In the beginning, ttwd was talk. It was an idea, a concept lacking solidity--an experiment waiting for action. The words seemed awkward, the place they led unknown.
Then is became something we do. An action, a part of life. Those actions started in the bedroom where I requested they stay. We soon discovered that keeping it confined to the bed wasn't going to work--ttwd had to be a part of daily life, not just something we played at under the covers.
And so it became many pieces of the puzzle that is our relationship. It ebbs and flows like anything else in life but it has become an integral part of our day-to-day life.
As circumstance would have it, I ended up in a position of Dominance, dealing with a bunch of crap over the weekend. Alpha couldn't come help me take care of it, so I was on my own for some pretty serious events. Everything went smoothly and circumstances were also kind enough (or disappointing enough, depending on my mood lol), to allow me to pretty much wrap things up without further bloodshed.
Normally, when I have to be very Dominant, I don't slip back into my place well at all. "You want do stick what where?! *&)((^%$##!, I think not!" Forever gracious lol, as always.
When I finally stumbled back in the door Saturday night? Oh I was ALL His. No sidestepping, backtracking protesting (okay, well maybe just enough to make getting His way rewarding), or otherwise attempting to avoid my place. Oddly enough, I had no desire to resist what turned out to be a rather painful evening lol.

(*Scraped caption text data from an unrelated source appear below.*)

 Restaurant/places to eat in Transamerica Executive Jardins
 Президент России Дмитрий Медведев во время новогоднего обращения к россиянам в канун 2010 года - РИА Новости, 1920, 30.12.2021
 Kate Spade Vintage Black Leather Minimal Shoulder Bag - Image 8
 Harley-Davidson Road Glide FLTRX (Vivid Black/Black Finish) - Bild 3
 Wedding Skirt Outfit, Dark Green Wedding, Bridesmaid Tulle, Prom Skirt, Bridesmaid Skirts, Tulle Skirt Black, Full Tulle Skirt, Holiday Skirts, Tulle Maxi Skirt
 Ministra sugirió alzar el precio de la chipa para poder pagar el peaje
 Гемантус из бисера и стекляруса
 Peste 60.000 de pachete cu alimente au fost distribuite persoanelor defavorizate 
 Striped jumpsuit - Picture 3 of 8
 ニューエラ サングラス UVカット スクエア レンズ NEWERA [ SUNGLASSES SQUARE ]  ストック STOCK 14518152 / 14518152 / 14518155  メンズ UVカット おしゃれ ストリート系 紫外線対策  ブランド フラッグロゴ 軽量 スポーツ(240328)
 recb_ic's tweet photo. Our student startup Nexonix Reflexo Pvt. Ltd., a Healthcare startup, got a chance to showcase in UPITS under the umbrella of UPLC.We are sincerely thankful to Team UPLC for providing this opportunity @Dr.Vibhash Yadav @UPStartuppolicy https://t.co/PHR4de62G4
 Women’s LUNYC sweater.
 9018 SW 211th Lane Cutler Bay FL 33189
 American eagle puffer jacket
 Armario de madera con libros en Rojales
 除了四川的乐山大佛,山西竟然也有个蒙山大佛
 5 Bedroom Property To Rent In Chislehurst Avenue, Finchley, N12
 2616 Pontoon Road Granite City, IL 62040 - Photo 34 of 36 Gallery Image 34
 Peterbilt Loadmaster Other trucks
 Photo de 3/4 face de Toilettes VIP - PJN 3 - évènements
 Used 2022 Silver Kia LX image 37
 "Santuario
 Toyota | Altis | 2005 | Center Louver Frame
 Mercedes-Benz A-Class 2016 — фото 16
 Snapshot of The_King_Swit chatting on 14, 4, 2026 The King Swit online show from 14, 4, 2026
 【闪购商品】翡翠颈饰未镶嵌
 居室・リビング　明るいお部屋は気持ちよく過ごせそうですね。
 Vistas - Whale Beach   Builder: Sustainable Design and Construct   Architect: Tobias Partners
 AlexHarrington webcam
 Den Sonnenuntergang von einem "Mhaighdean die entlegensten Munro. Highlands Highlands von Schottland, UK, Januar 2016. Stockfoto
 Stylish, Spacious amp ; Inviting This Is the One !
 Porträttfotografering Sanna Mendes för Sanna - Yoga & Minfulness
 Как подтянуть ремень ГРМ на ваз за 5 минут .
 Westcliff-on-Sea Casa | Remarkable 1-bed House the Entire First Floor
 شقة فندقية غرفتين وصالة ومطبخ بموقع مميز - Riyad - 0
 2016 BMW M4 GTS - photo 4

And that calculating detached look He was giving me? Whole new experience.
And thus I believe we are entering another evolution in ttwd--from doing to being.
And I wonder if it goes on like this forever, this evolution of D/s. Do you get to where you're going and stay there, or is it always evolving and changing? Because every time I think we have come close to the bottom of the abyss? I discover that we aren't even close.